This process barely satisfies the demand for the narrow clinical subset of patients that meet the criteria for the therapy. The manufacturing bottleneck is one of the major reasons why physicians are reluctant to recommend CAR-T therapy, and nearly a third of patients that are recommended for the therapy still never receive treatment.
Clearly, this is a huge problem.
Since the first approval for ALL, Kymriah has gained approval for two more types of blood cancer, and five other CAR-T therapies have entered the market. This is still only scratching the surface. Dozens of labs and biotech companies around the world are vying to create the first CAR-T therapies for solid tumors, which constitute nearly 90% of overall cancer diagnoses. If the status quo continues, CAR-T therapy could become a victim of its own success: it could remain a miracle cure that we can’t scale.
Thankfully, The Techno-Capital Machine is already responding to this problem in two ways:
Pharmaceutical investment in manufacturing
Startup innovation in Zero to One inventions
As Big Pharma companies have struggled to meet the demand for the first approved cell-based therapies for blood cancers, they’ve responded by ramping up their infrastructure spending. Just in the past year, BMS invested in a 244,000 sq ft expansion of their cell manufacturing facilities in Massachusetts, Novo Nordisk made a $136M investment in a cell therapy manufacturing hub in Denmark, and Bayer invested $250M in their own facility in Berkeley.
Sometimes, this type of large upfront capital expenditure (CapEx) can feel like a Field of Dreams moment: build it and they will come. David Cahn at Sequoia recently argued that NVIDIA’s GPU revenue has raised a $200B question for the field of AI: what products will emerge that are capable of generating a return on this scale of CapEx investment?
This is not the case for cell-based therapy. There are patients dying before they receive the approved products that are already on the market. Pharma companies have to grapple with an even trickier problem: are the existing approaches to manufacturing scalable enough to solve the supply problem through investment alone?
The answer is seemingly no. Again, if we’re en route to a future that encompasses solid tumor treatments, products for blood cancers are just the tip of the iceberg. And as we’ll soon see, cancer is only one disease category where cell-based therapy could soon emerge as the standard-of-care. It’s totally unclear that 200 more Launch Facilities will actually be able to meet future demand. Truly revolutionizing medicine with ubiquitous cellular medicines will require real invention.

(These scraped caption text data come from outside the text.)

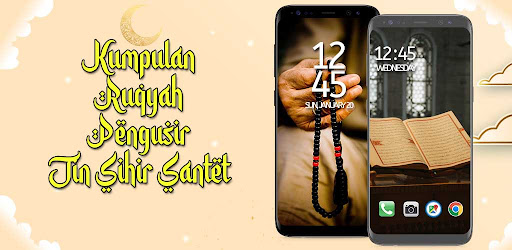 Android application Ruqyah Pengusir Jin dan Sihir screenshort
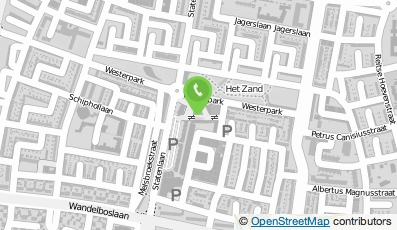 Bekijk kaart van Bergmans Jeanshouse Tilburg in Tilburg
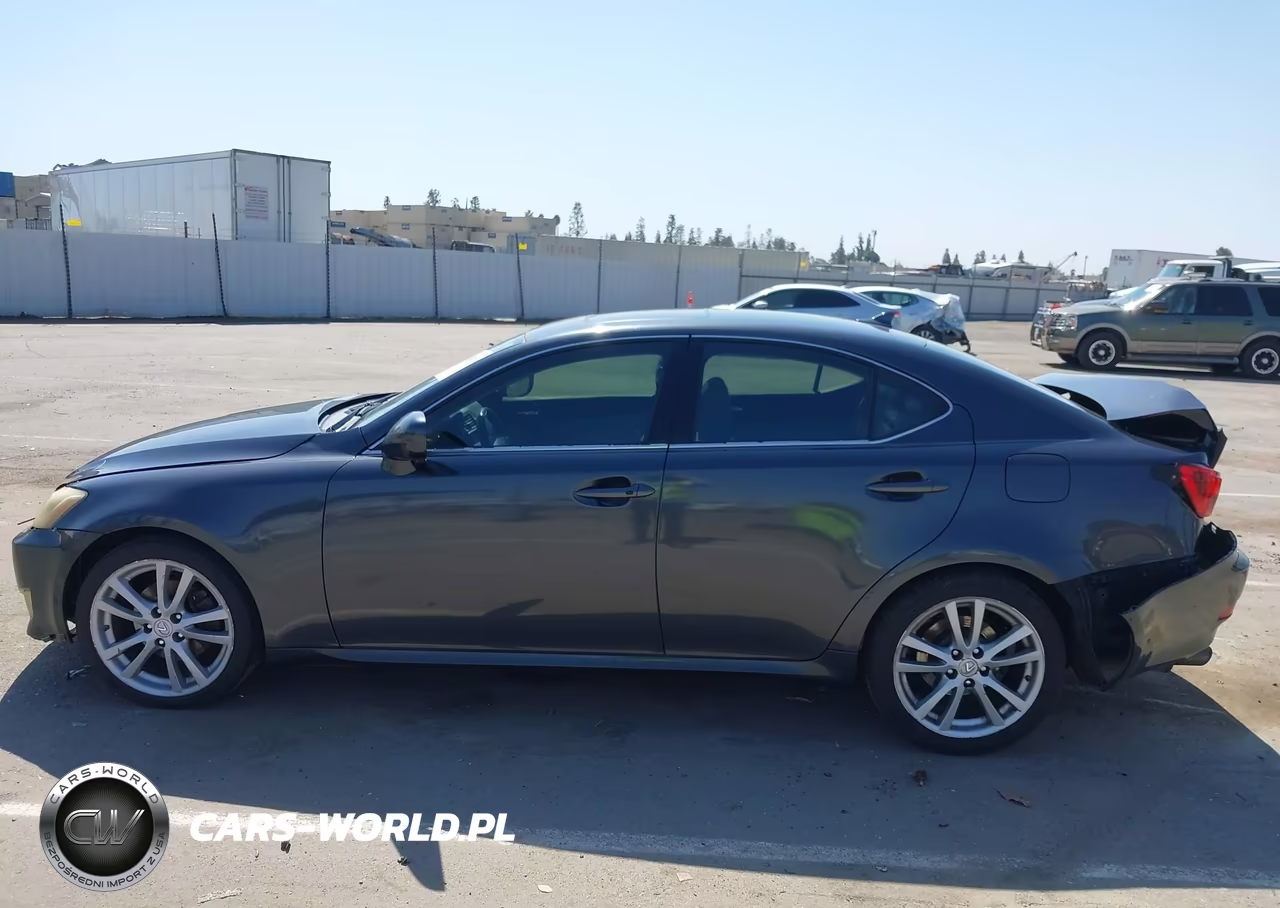 2007 Lexus Is 250 VIN:JTHBK262475030802 - 14
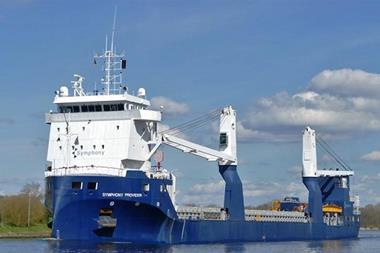 ForestWave Navigation has ordered two EcoBox XL newbuildings, further improving the environmental profile of its multipurpose fleet (pictured).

Going from Zero to One is the purview of startups, and a suite of new companies have emerged proposing futuristic solutions to the manufacturing bottleneck. Cellares, which recently closed a $255M Series C round and expanded their partnership with BMS, has built a new factory-in-a-box for cell-based therapy that they call the Cell Shuttle. Through a combination of hardware and software inventions, Cellares aspires to be an “Integrated Development and Manufacturing Organization (IDMO)” rather than a Contract Development and Manufacturing and Development Organization (CDMO) that meets demand by throwing existing technology and more humans at each new partnership. Whereas the new BMS facility required 500 new hires, technologies like the Cell Shuttle aim to produce the same volume of cell-based therapies with only 50. Carl June is hellbent on solving this problem—he’s an advisor and vocal proponent of Cellares, and has also co-founded his own stealthy CAR-T manufacturing company with $18M in backing from Danaher.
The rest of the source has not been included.